At present, however, the cost of applying for patents is too high in Europe compared to the costs in the US and Japan. This is mainly due to translation and litigation costs. The application system is also cumbersome and lacks transparency.
However, claimed Thierry Sueur, Air Liquide Vice-President for Intellectual Property, the European Patent in its present form, although not perfect, is better than the current proposal. 'We do not want what we have on the table at the moment as it would kill EU competitiveness,' said Mr Sueur. 'We should either keep the original system or postpone taking a decision until we are ready.'
All participants agreed that the present proposal, which states that all claims should be translated into all 20 languages, is unacceptable.
Ingo Kober, President of the European Patent Office (EPO), stated that English is the language used by most senior researchers and scientists, and that statistics show that translations are not read. Translating patents into all Community languages would therefore be a waste of time and money, he said.
The Union of Industrial and Employers' Confederations of Europe (UNICE) has for a long time been advocating the use of a single language, English - a proposal many see as the most coherent suggestion. If this cannot be agreed, said Mr Kober, we should at least maintain the status quo and work with the languages currently used, namely English, French and German.
Participants also emphasised the need to implement the European Patent Litigation Agreement (EPLA). With the existence of some 600,000 European Patent Convention (EPC) patents, it has become increasingly essential that an improved European litigation system be created. The EPLA would work as a test ground for the functioning of a pan-European court system, with a language regime and mixed chambers from different jurisdictions.

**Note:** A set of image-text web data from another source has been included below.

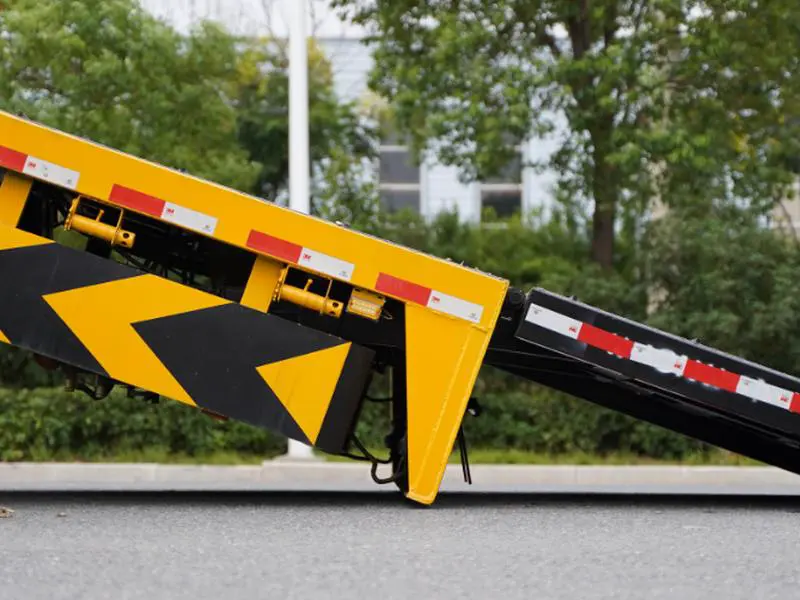 DFAC F8 Duty Wrecker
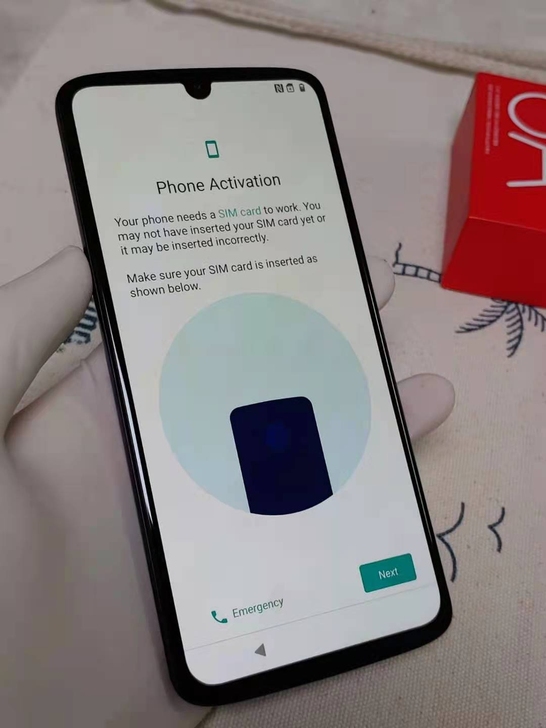 摩托罗拉模块手机Moto Z4，高通675...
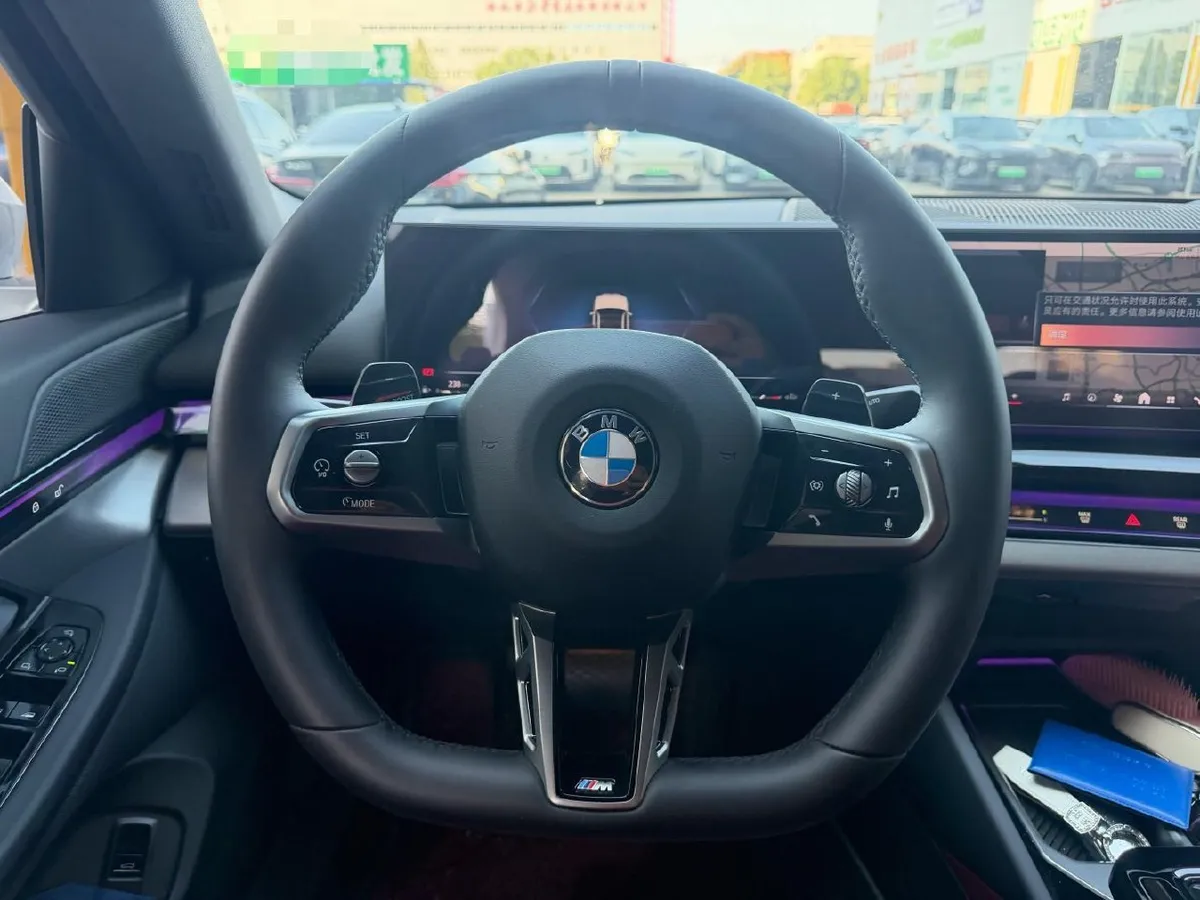 BMW 5 SERIES LUXURY 2025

A unitary patent court is the way forward. The proposed involvement of national patent offices is not acceptable emphasised both Mr Kober and Mr Sueur.

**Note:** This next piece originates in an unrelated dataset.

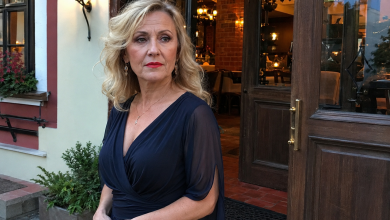 Mio marito ha detto che andava a pescare con gli amici, ma per caso ho visto una sua foto in un ristorante con una donna in vestito rosso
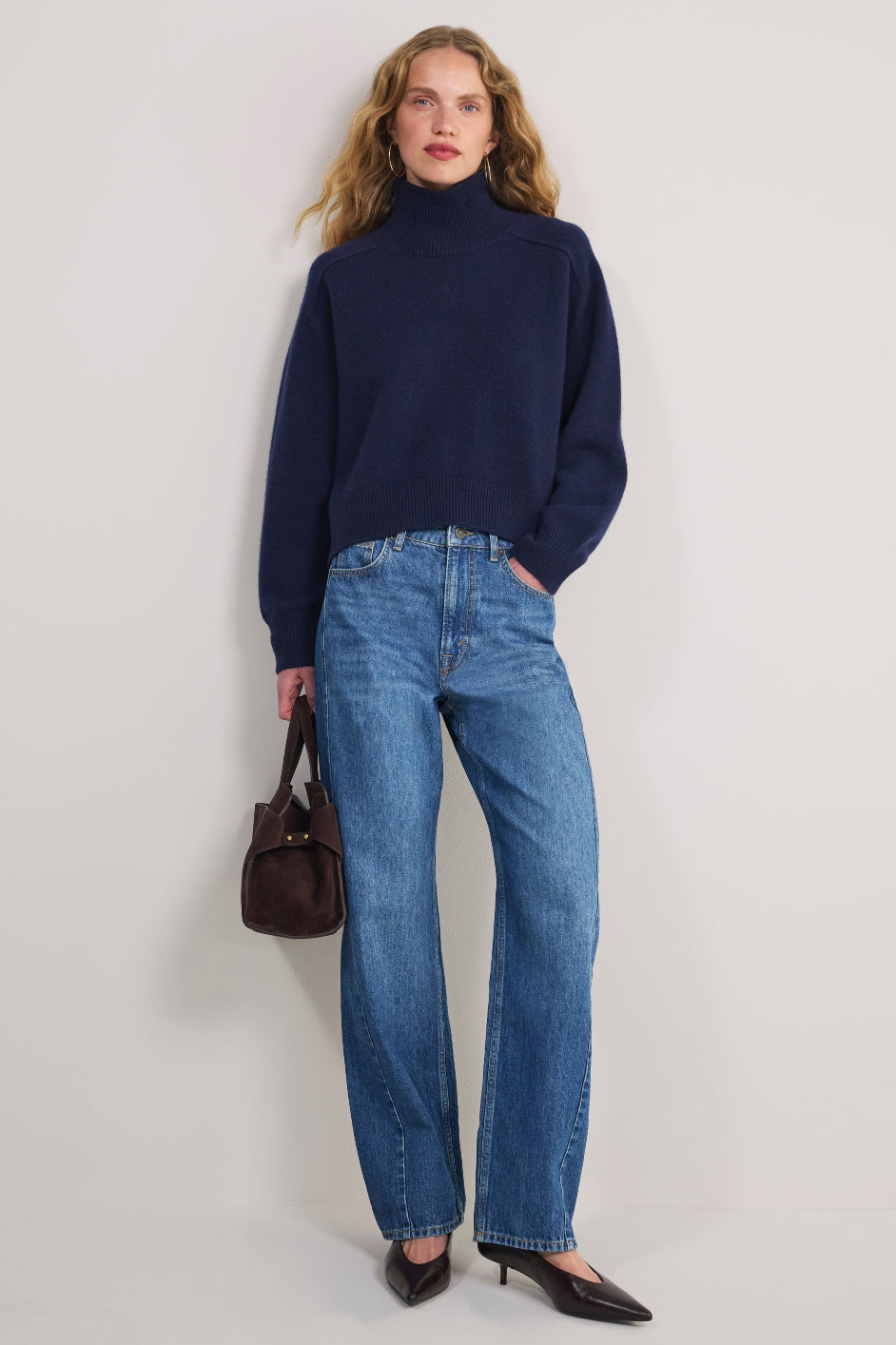 Elsie Barrel Leg Jean - Mid Wash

Both expressed the hope that following the European Parliament's endorsement of a Directive on the Enforcement of Intellectual Property Rights, the Council would follow suit.
This, however, has not happened. The Competitiveness Council, also meeting on 11 March, failed once again to reach an agreement on the Community Patent.

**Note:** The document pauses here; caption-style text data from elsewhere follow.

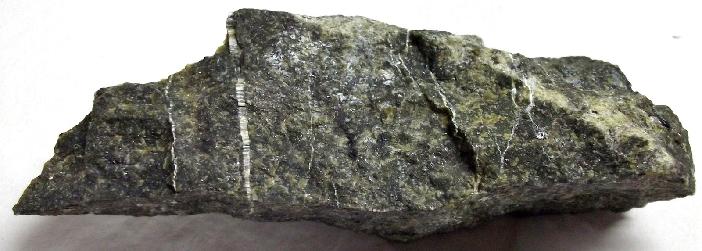 岫玉与蛇纹石玉比较哪个好,蛇纹石岫玉是什么意思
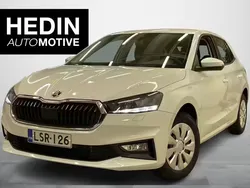 Valkoinen Käytetty 2024 Skoda Fabia Selection Viistoperä | 21 590 €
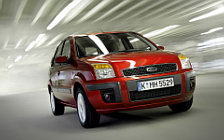   Ford Fusion - 2005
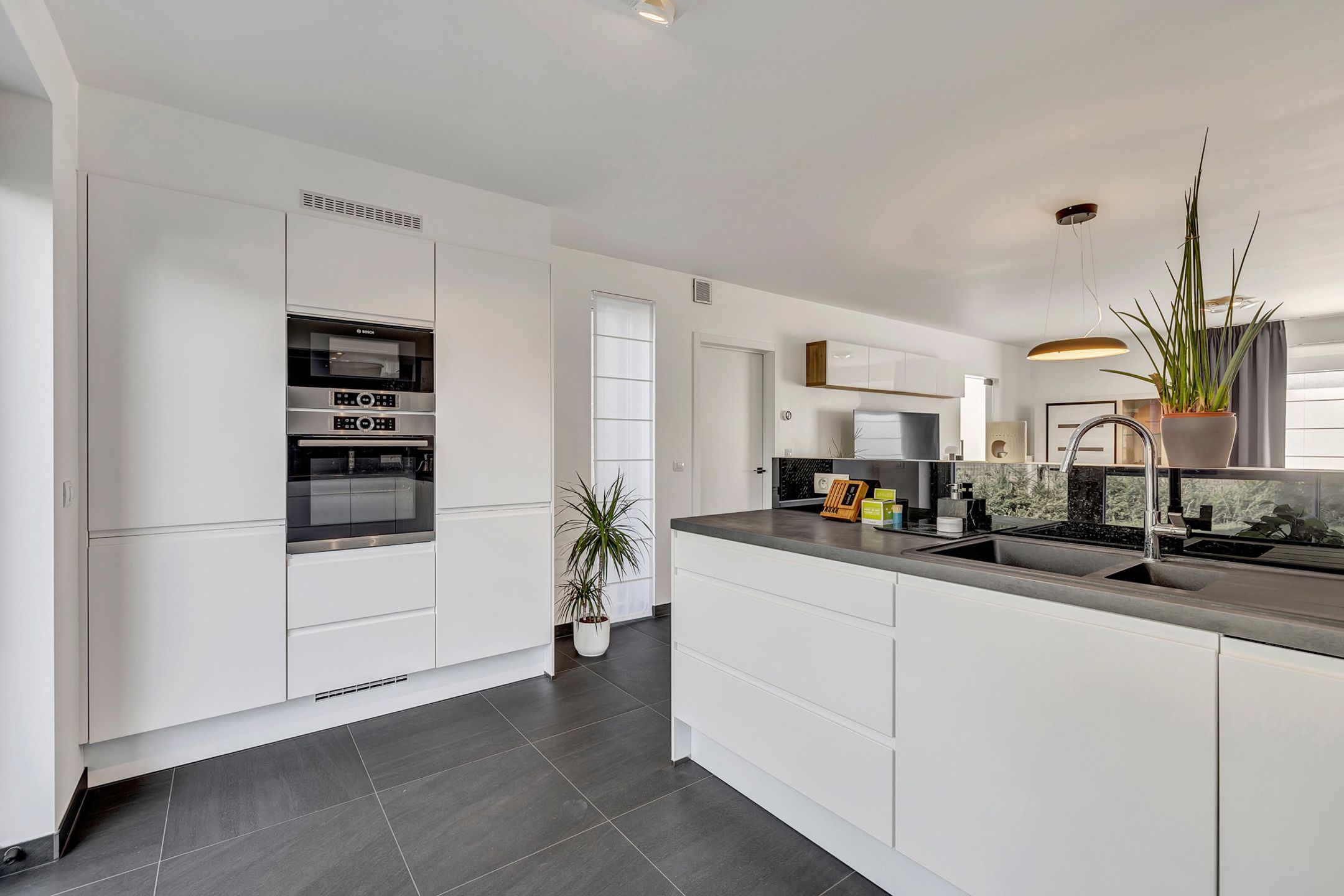 Recente woning op rustige locatie foto 9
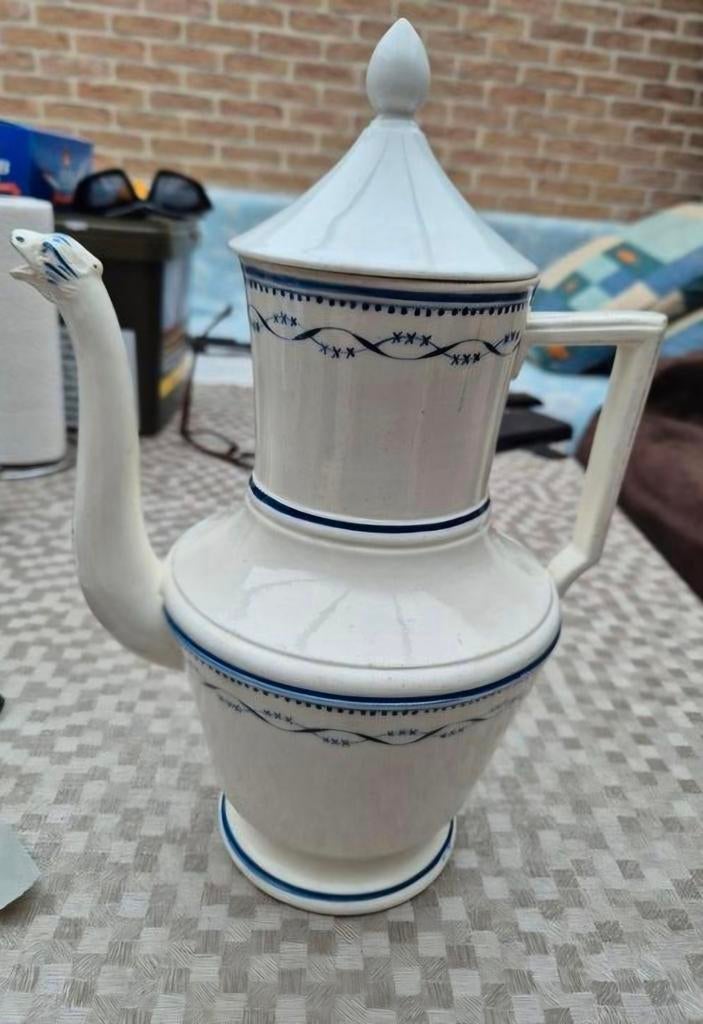 Zeer oude vintage theepot met interessante gieter, Ophalen of Verzenden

'We are further away from an agreement than in November,' said a spokesperson for the Irish government, which had been banking on successful talks to kick-start European competitiveness.
Mary Harney, Ireland's Tánaiste and Minister for Enterprise, said in a statement said she regretted that none of the options put forward had 'been acceptable to some Member States', but she insisted that 'we have to bring this matter to a conclusion very soon, either in the form of an agreement or otherwise'.